### TASK INPUT
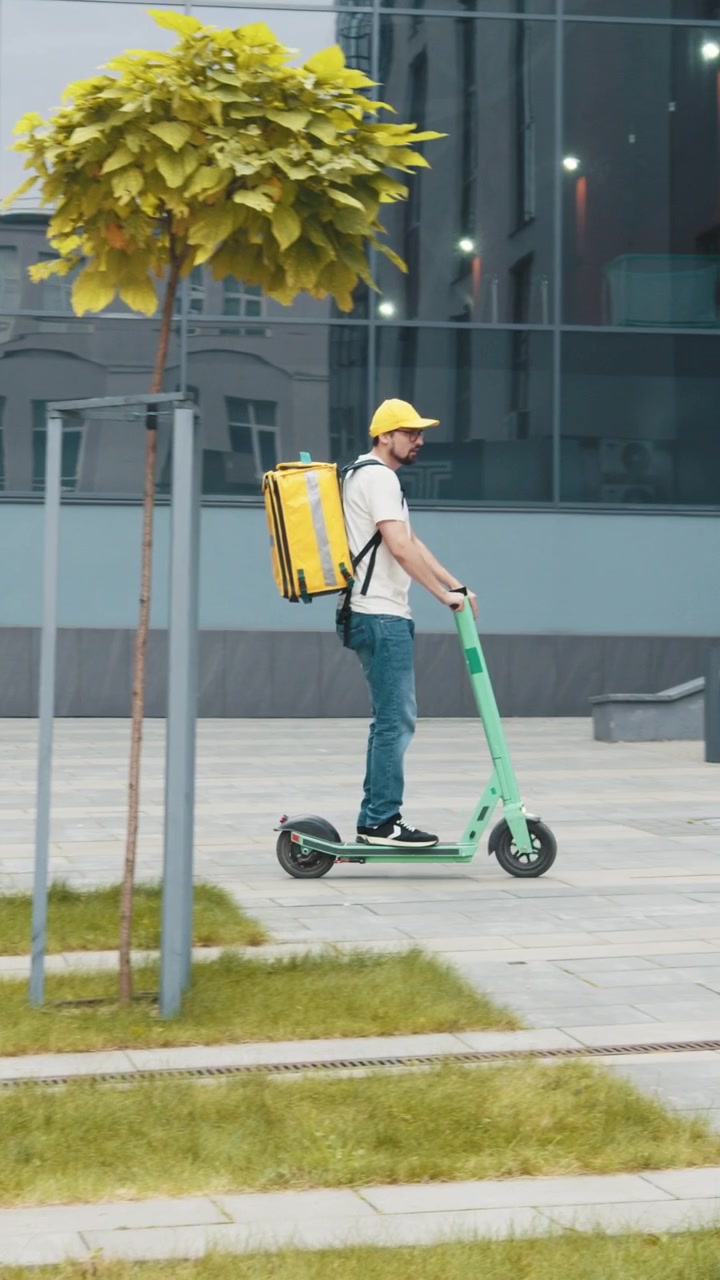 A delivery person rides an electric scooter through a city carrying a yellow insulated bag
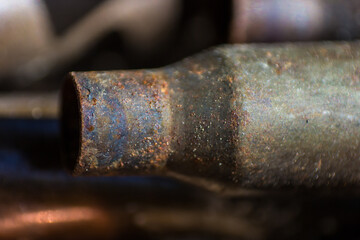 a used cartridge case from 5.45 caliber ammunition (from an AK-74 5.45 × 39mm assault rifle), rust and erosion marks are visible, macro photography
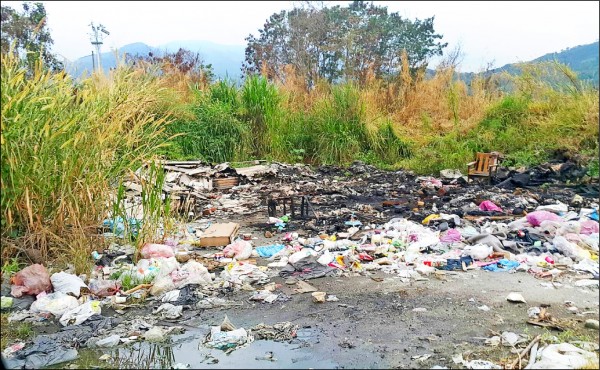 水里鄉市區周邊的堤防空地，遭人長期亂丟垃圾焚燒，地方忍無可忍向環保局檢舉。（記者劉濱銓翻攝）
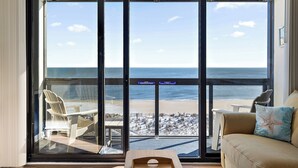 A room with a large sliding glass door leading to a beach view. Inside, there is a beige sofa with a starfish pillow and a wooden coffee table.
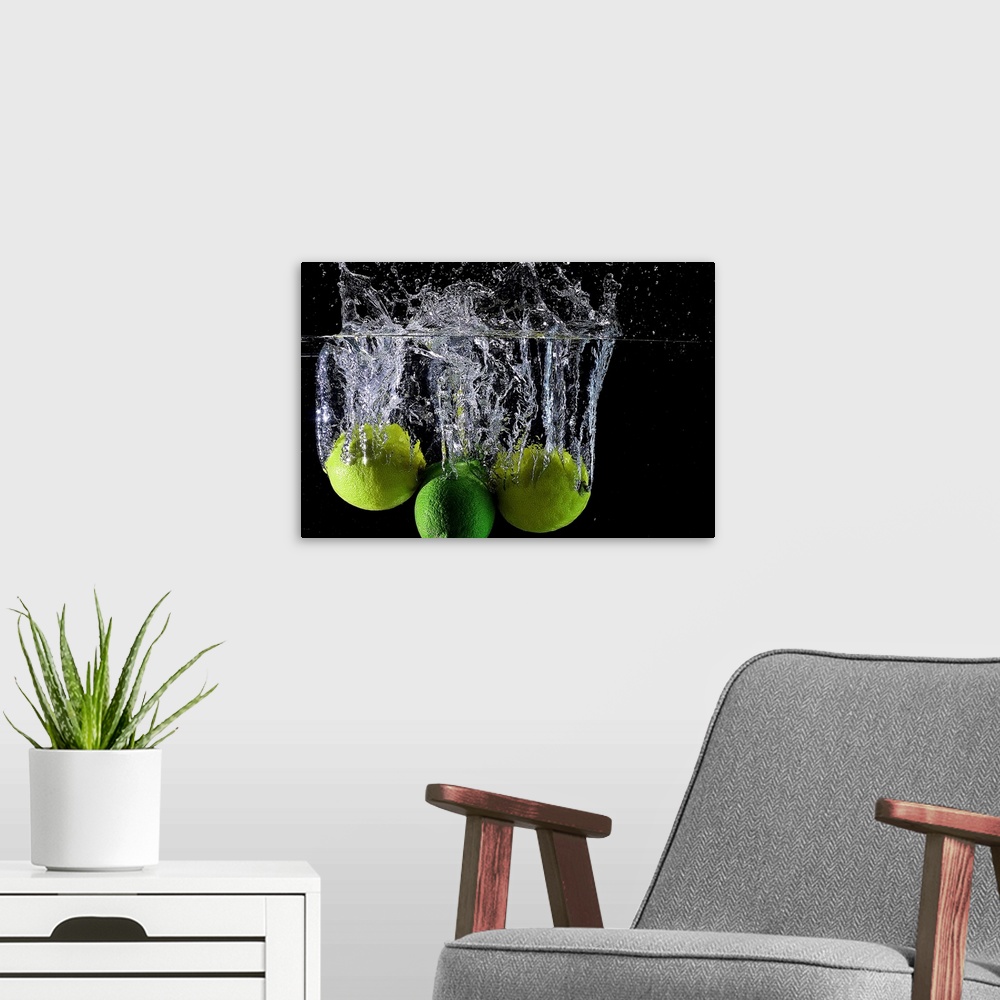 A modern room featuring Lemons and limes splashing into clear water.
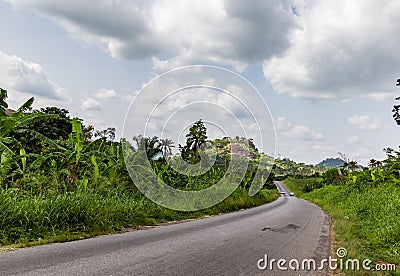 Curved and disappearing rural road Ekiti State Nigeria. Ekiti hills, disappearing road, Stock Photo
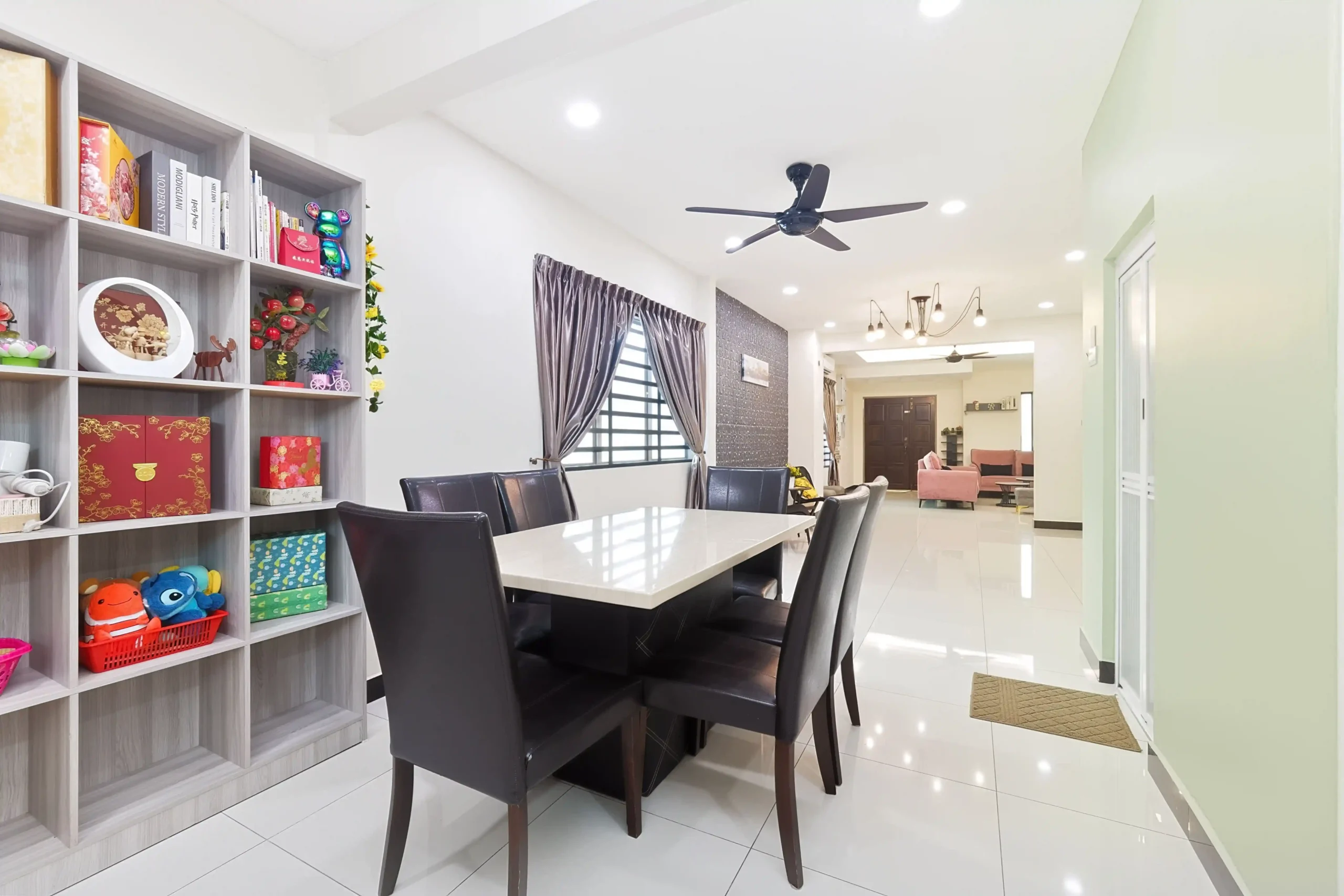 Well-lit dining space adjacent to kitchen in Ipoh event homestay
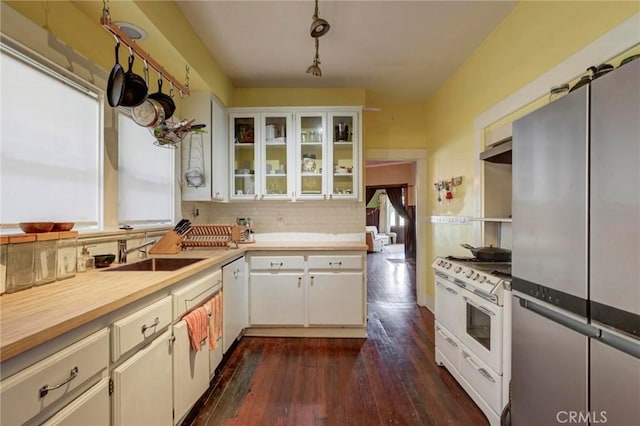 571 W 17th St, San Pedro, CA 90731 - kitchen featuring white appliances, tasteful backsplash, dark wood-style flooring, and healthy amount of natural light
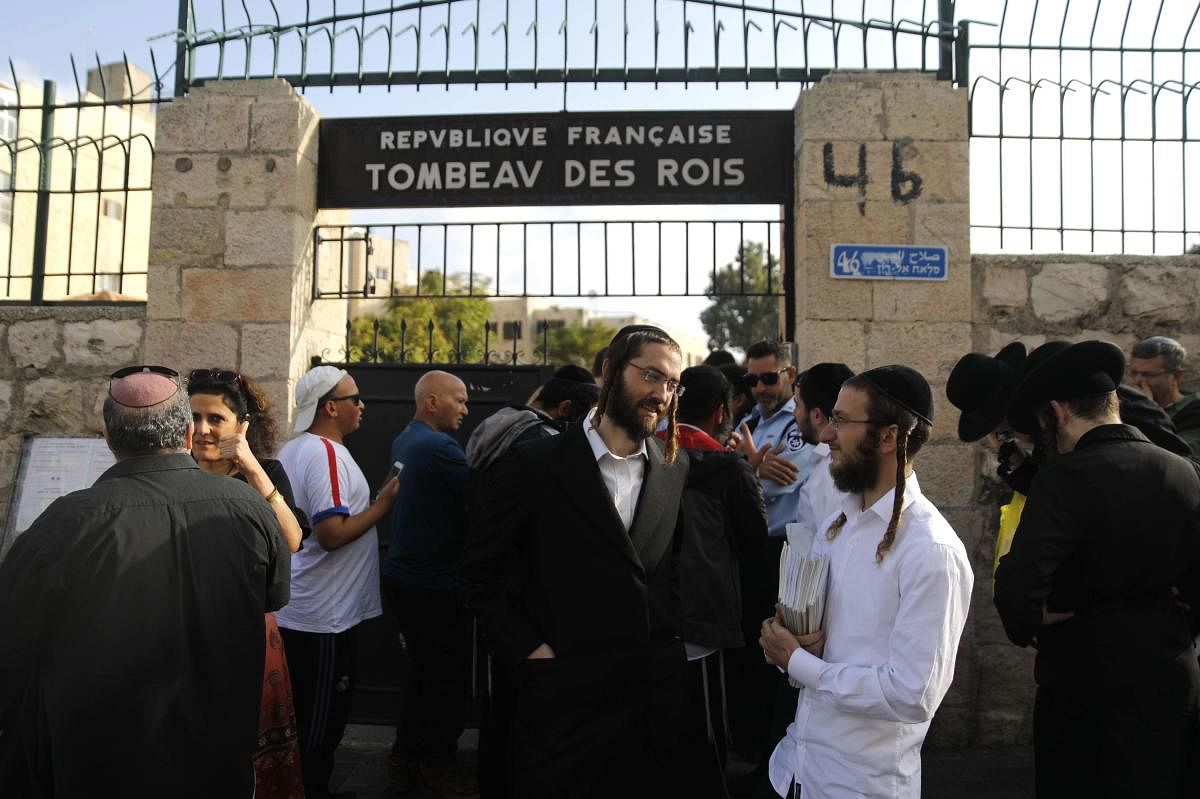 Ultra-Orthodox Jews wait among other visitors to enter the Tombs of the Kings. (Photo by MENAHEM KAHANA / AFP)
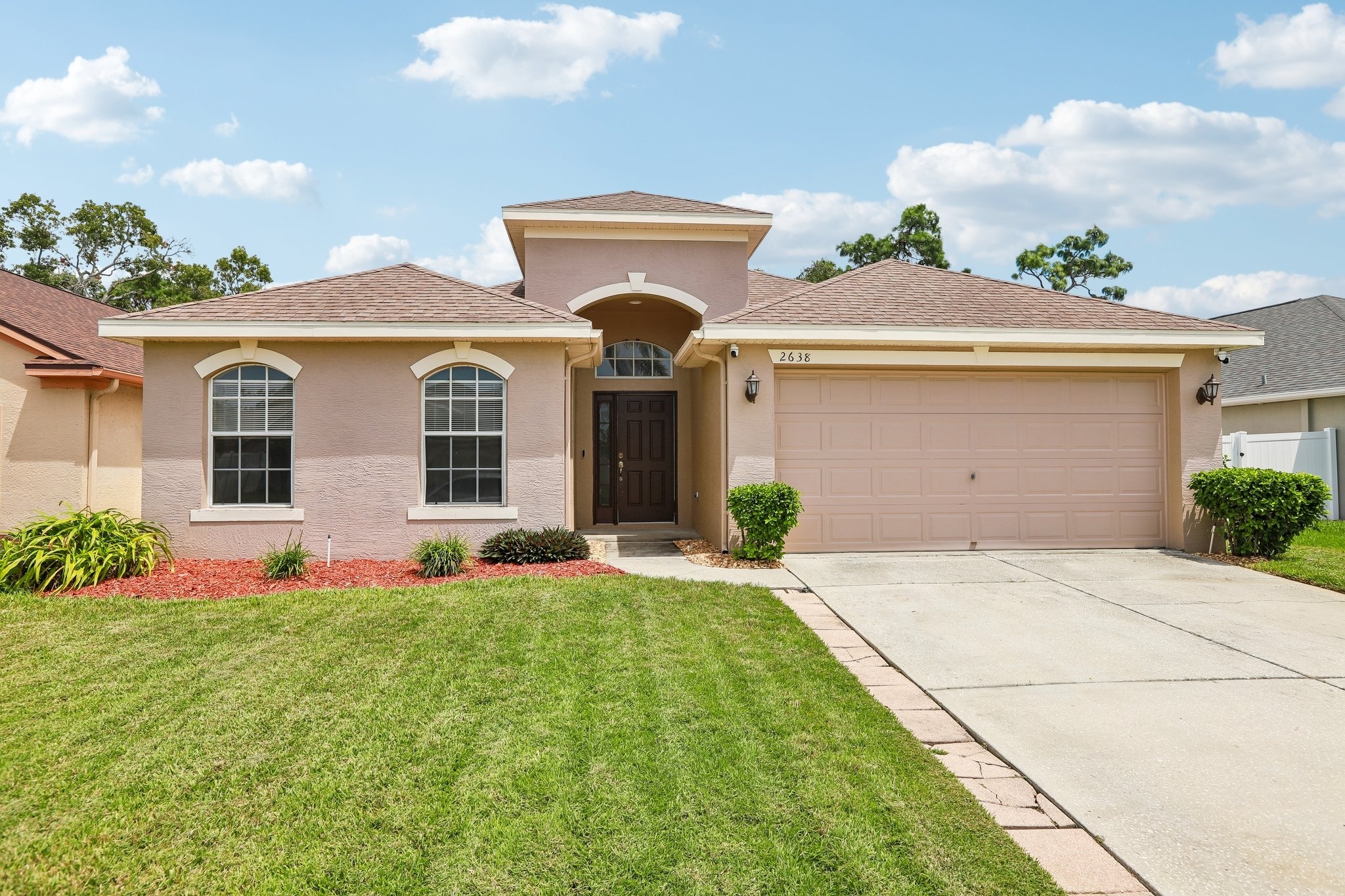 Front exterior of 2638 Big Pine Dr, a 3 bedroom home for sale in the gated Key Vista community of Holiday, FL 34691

### WHAT IS BEING ASKED
Write out each entry exactly as given, but skip the pictures.

### SOLUTION BELOW
 A delivery person rides an electric scooter through a city carrying a yellow insulated bag
 a used cartridge case from 5.45 caliber ammunition (from an AK-74 5.45 × 39mm assault rifle), rust and erosion marks are visible, macro photography
 水里鄉市區周邊的堤防空地，遭人長期亂丟垃圾焚燒，地方忍無可忍向環保局檢舉。（記者劉濱銓翻攝）
 A room with a large sliding glass door leading to a beach view. Inside, there is a beige sofa with a starfish pillow and a wooden coffee table.
 A modern room featuring Lemons and limes splashing into clear water.
 Curved and disappearing rural road Ekiti State Nigeria. Ekiti hills, disappearing road, Stock Photo
 Well-lit dining space adjacent to kitchen in Ipoh event homestay
 571 W 17th St, San Pedro, CA 90731 - kitchen featuring white appliances, tasteful backsplash, dark wood-style flooring, and healthy amount of natural light
 Ultra-Orthodox Jews wait among other visitors to enter the Tombs of the Kings. (Photo by MENAHEM KAHANA / AFP)
 Front exterior of 2638 Big Pine Dr, a 3 bedroom home for sale in the gated Key Vista community of Holiday, FL 34691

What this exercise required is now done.